A life dedicated to spiritual principles and helping others gives us a deeper purpose and meaning that is beyond any worldly success.  I strive to love God with all my heart and with all my soul and with all my strength and with all your mind; and love my neighbor as myself. You strive to live by the path of the Buddha, who dedicated his life to teaching others so they may also be free from suffering. Both paths lead us to be successful by allowing higher principles to guide our thoughts and actions. 

I hope this letter finds you well. I will hold you in my prayers. I am grateful to be on this path with you.

In the Light,

Your Fellow Traveller  

A Letter about Real Strength 

(The World According to Mister Rogers: important Things to Remember)

Dear Friend,

I hope my words find you at a time, where it may encourage you to be more at home within yourself.
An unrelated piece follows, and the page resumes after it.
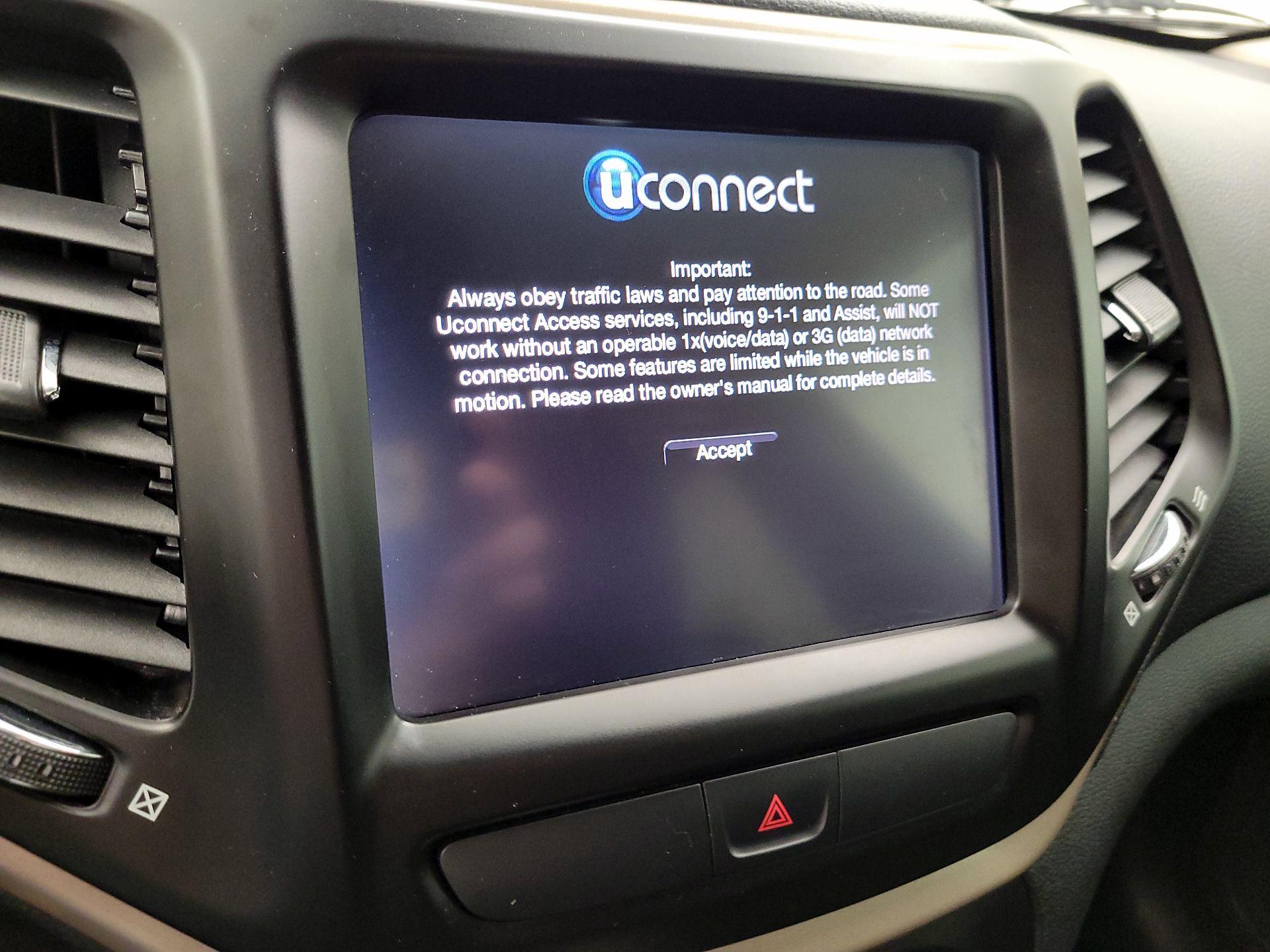 Thumbnail: 2015 Jeep Cherokee - 13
You wrote to me that you have been struggling with loneliness, and you shared how you thought being overwhelmed by an emotion was a sign of weakness.

I relate to your sentiments, and for a long time I also thought feeling deeply was a sign of weakness.  I think this is especially of men, but true in some ways across gender. We are taught early on to value thinking, mental capacities, and rewarded for academic achievement.

 How better the world would be if we were encouraged navigate through emotions and taught emotional intelligence. It’s ok that sometimes you are overwhelmed with feelings, why helps me is to sit with my feelings and breathe deeply. I try to welcome it instead of resisting it. Sometimes I am hit with an overpowering negative feelings that lead me to anger, despair, and a case of f%<! this s*^!. In these cases, I try to breathe, pray to a power greater than me for help, and try to turn my thoughts to someone else.

A wise man once said “Real strength has to do with helping others.” In my experience, when I am honest about my own struggles and befriend my weaknesses, the more useful I am to God and others.  I know you are struggling with believing in a Higher Power, but you don’t need to be a theist to know that helping others through mutual vulnerability allows for amazing things to happen.  When our walls are down, we are able to meet heart to heart; we are no longer pretending to be strong, but allowing ourselves to be seen and known as we truly are.  

I know sometimes it feels scary. My suggestion to you is to breathe deeply, relax and take it easy. Wise people have repeatedly told me “this too shall pass.” Our feelings can overwhelm and sometimes be scary, but remember that you are not just your thoughts or even your feelings. I try on most days to judge myself on my actions instead of the crazy thoughts and feelings floating through me. Whether I feel good or bad, I always full deep sense of peace and purpose, when instead of focusing on myself and my life I reach out and help someone else.

May you be happy. May you be healthy. May you be at peace. May you be free from suffering.